HAMAS también llamó a las naciones árabes y musulmanas, así como a las personas amantes de la libertad en todo el mundo, a movilizar esfuerzos para apoyar la firmeza de los palestinos hasta que cumplan con sus aspiraciones de regresar y establecer un Estado soberano independiente.
Según los medios israelíes, Israel aprobó el lunes la construcción de 5623 nuevas unidades de colonos en la Cisjordania ocupada, lo que supone 1000 unidades más de lo que autorizó la administración de extrema derecha de Israel la semana pasada para levantarlas en el asentamiento ilegal de Eli, al sur de la ciudad de Nablus, en el norte de Cisjordania ocupada.

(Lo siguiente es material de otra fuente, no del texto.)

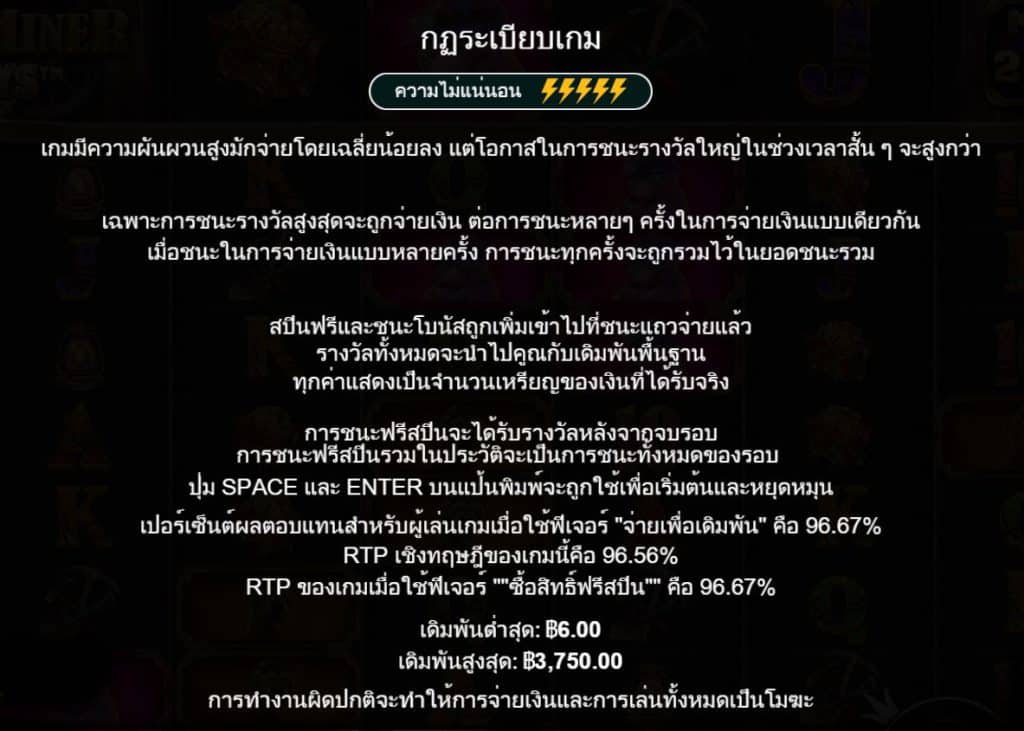 รีวิวสล็อต Old Gold Miner Megaways ค่าย Pragmatic Play - 4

A principios de este mes, el secretario general de la Liga Árabe, Ahmed Aboul Gheit, denunció la expansión de asentamientos en los territorios ocupados e instó al Gobierno de Estados Unidos, el principal partidario de Israel, a adoptar una postura firme contra los planes de la entidad sionista.
Más de 600 000 israelíes viven en más de 230 asentamientos construidos en Cisjordania y el este de Al-Quds (Jerusalén), desde la ocupación israelí en 1967.
Si bien todos los asentamientos israelíes son ilegales según el derecho internacional, Israel ha intensificado su ampliación en flagrante violación de las resoluciones del Consejo de Seguridad de las Naciones Unidas (CSNU).